Question

Grade 12 calculus: derivatives?

What is the equation of the normal to y=(x²+3)/(x+1) at (1,2)?

Answer: x=1

I don't get why x=1 is the normal. I got 0/4 as my derivative for the equation, which means it's 0. Doesn't this mean that the normal of the equation is also 0 as well? :S

Answer 1

Finding the tangent line is easy. The slope of the line is the value of the derivative at the given point (1,2):\[y \prime=[2x(x+1)-(x^2+3)(1)]/(x+1)^2\]So,\[y \prime(1)=4-4/4=0/4=0\]as you said. This is the slope of the tangent line...not the normal line. The normal line is perpendicular to the tangent line. Our tangent is horizontal (it is y=2 actually) so we know that our normal line will be vertical (i.e., will be x=something). We also know that our normal line passes through the given point (1,2).

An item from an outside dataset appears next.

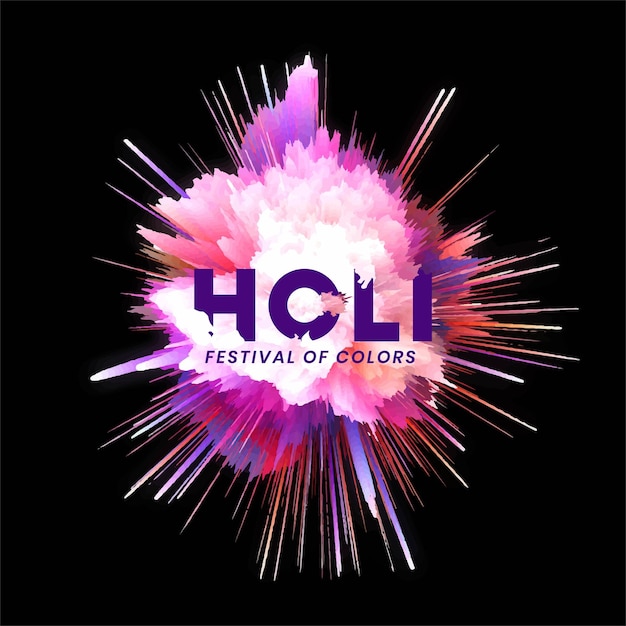 Abstracte dynamische kleurrijke 3d splash achtergrond voor Indiase festival van kleuren Happy Holi Vector Illustration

Thus the normal line must be x=1.

Answer 2

as after differentiating y at at (1,2) we get 0 this means our tangent has slope 0. As normal is perpendicular to tangent hence slope of normal is (-1/0). because two perpendicular line's slope product is -1.
hence our normal is passing through (1,2) and has slope (-1/0).
eq.. of normal is y-2=(-1/0)(x-1)
-> 0(y-2)=-1(x-1) cross multiplication
-> 0=-1(x-1)
-> 0=x-1
hence x=1 is our normal line.

Answer 3

Thanks guys!